Wednesday, September 22, 2010

"Bitter in the Mouth"

I was mesmerized by Monique Truong's "The Book of Salt" when it came out in 2003. That novel about the Vietnamese cook for writer Gertrude Stein and her lesbian companion Alice B. Toklas was beautifully written. So I was excited when I saw that Truong had published a new novel, "Bitter in the Mouth" (Random House, 2010). This novel is also narrated by, and focuses on, a Vietnamese character, but in this case it is a young woman, Linda, who is adopted at age seven by a couple in Boiling Springs, North Carolina. She grows up in this small Southern town family with the usual -- and some not so usual -- dysfunctions.

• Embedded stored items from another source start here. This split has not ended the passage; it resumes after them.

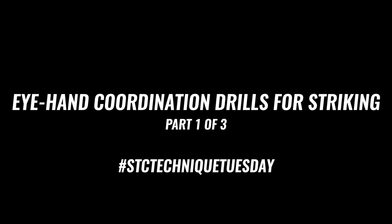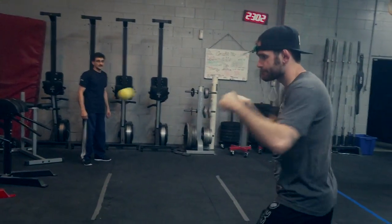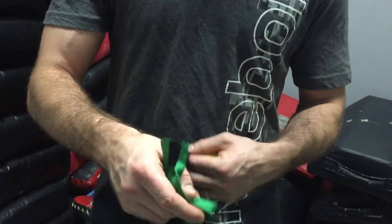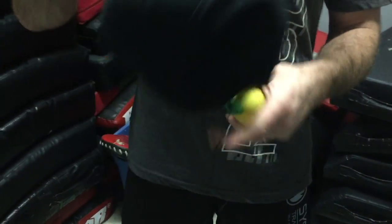Systems Training Center Techni Tuesday — part one of three: eye hand coordination drills for striking. For this drill, all you're going to need is a string, a ball like a tennis ball, and a hat. I got this one pre-assembled at the Dollar Tree for a dollar. I'm going to use my monosport hat. The string is attached to the ball, then I attach the string to my hat.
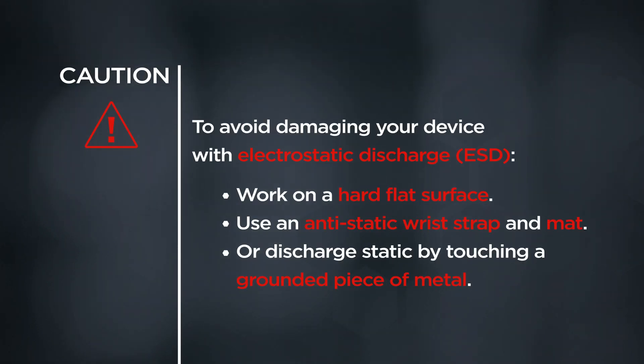CAUTION! To avoid damaging your device with electrostatic discharge, work on a hard flat surface, use an anti-static wrist strap and mat, or discharge static by touching a grounded piece of metal.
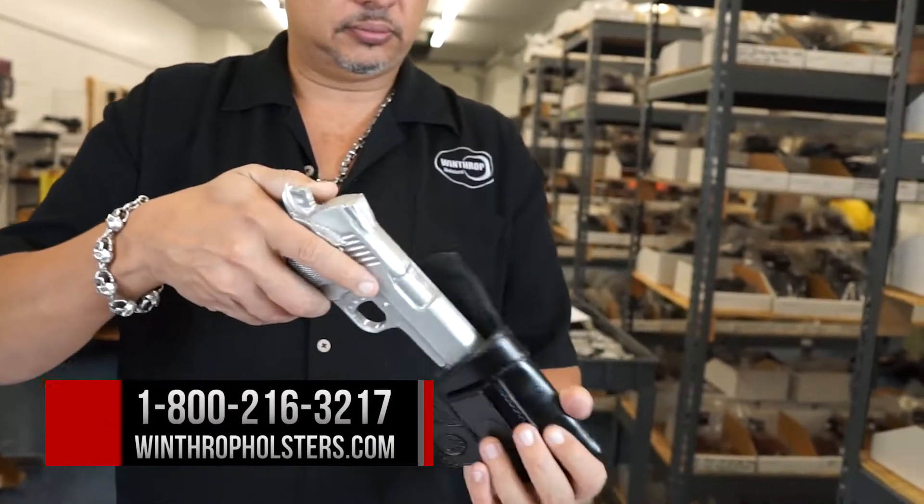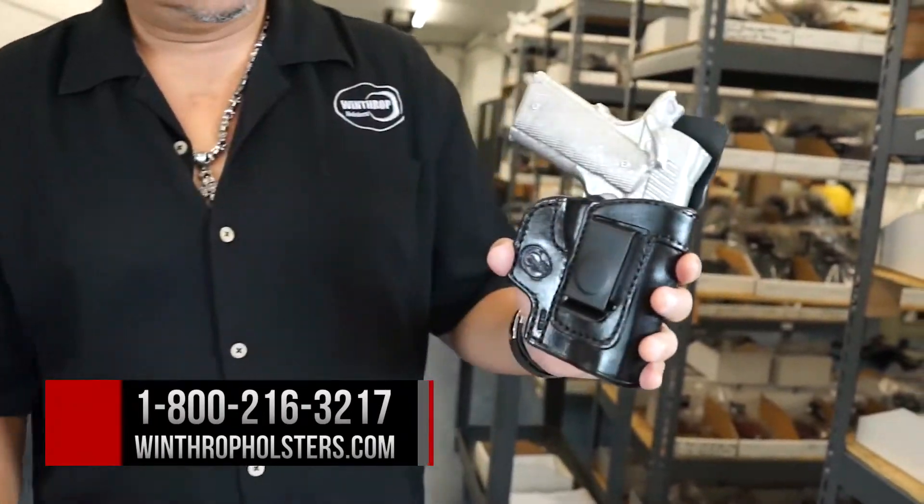Here's your standard model. Fits like a glove.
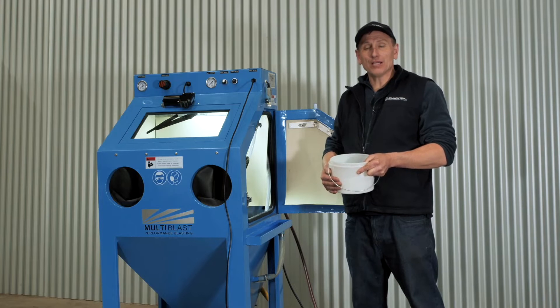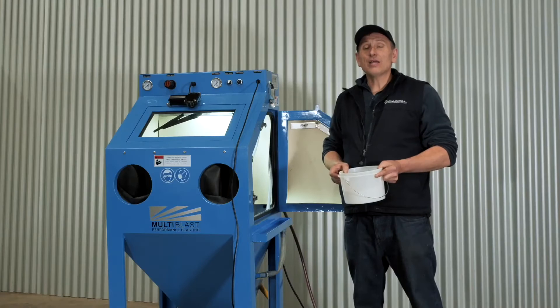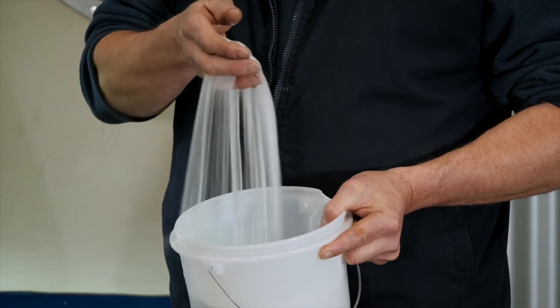Hey, Cameron here from Capital Machinery. We're just going to go through setting up the wet blasting cabinet. First, make sure the power and water is connected. Then select the required blasting media. Today we're using number five glass beads.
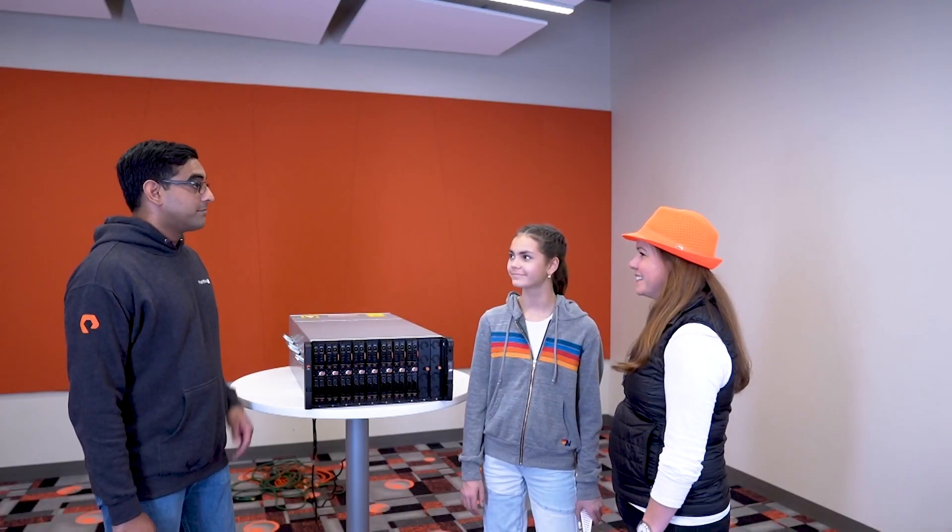So sorry I'm late — that meeting went crazy long. I see you met my daughter. Yeah, she was a great help. She really knows her stuff. Did you have fun? Yes, this new FlashBlade is so cool.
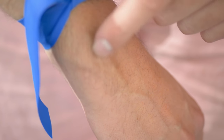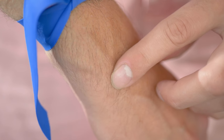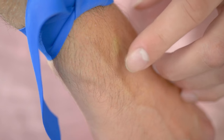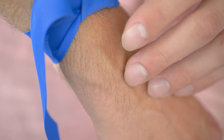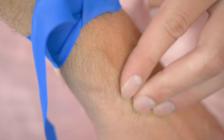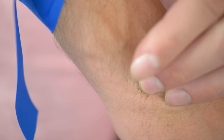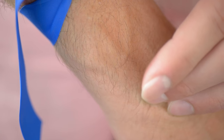Looking more specifically at the hand, notice what's happening with some of these veins — it almost looks like a Y shape. There's one vein at the bottom that's the base of the Y, and then two at the top. Where all those veins meet each other is called a bifurcation. I'm doing valve testing here — holding a piece distal to the vein and pushing the blood through. If it flows all the way back when I let go, there shouldn't be a valve; if it doesn't flow back, there might be one.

One of the themes of the book is the importance of family, even unusual families. Her closest family members are her adoptive father, who dies early, and her gay transvestite great uncle, Baby Harper, who is everything to her. By the end of the novel, we find out more about the complicated tangled relationships of her family and of her birth parents. The other main plot strand is Linda's synesthesia; the variety of the syndrome that she has causes words to have tastes. She only tells a very few trusted people about this, and only toward the end of the novel does she realize that she is not the only one with this unusual situation, and that it has a name. The author represents these associations as follows: "What'sgrahamcracker so funnycucumber, Leoparsnip?" Although the author is thereby making us experience Linda's world, I must admit that this got tiresome after awhile. "Bitter in the Mouth" is a rich, original, intriguing novel, and I am glad I read it, but it doesn't quite measure up to "The Book of Salt."